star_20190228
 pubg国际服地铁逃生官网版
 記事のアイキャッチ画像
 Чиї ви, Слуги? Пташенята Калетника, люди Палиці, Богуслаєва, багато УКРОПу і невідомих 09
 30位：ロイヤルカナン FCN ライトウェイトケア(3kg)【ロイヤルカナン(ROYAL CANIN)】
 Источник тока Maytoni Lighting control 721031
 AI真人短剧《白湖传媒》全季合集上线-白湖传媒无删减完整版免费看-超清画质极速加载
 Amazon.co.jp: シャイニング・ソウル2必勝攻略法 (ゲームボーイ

○ ○ ○ ○ ○

■ Task prompt: Using the material above, print word for word the lines from the one holding "AI真人短剧《白湖传媒》全季" through the last line.

■ Solution below:
 AI真人短剧《白湖传媒》全季合集上线-白湖传媒无删减完整版免费看-超清画质极速加载
 Amazon.co.jp: シャイニング・ソウル2必勝攻略法 (ゲームボーイ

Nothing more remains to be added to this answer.